Given information START

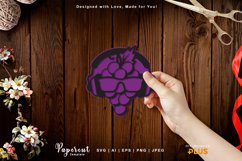 Cool Grape Wearing Headphone Papercut Product Image 1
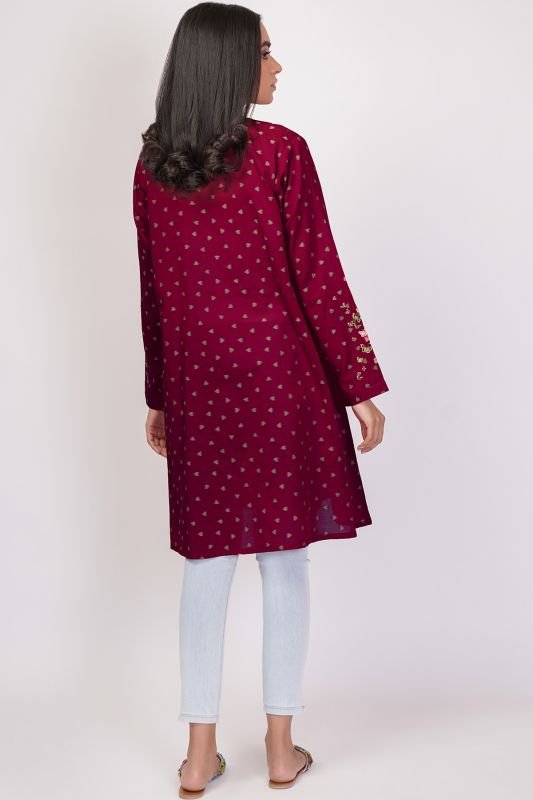 Embroidered Jacquard Kurti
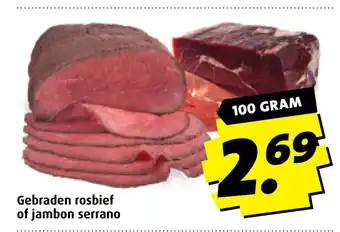 Boni Gebraden rosbief of jambon serrano aanbieding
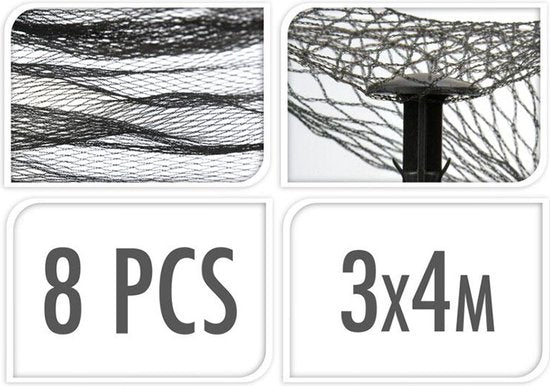 ProGarden Teichabdecknetz - 4x3 m - schwarz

Given information END

__Goal of the exercise__
Copy out the whole listing exactly. Skip its pictures.

__Response area__
 Cool Grape Wearing Headphone Papercut Product Image 1
 Embroidered Jacquard Kurti
 Boni Gebraden rosbief of jambon serrano aanbieding
 ProGarden Teichabdecknetz - 4x3 m - schwarz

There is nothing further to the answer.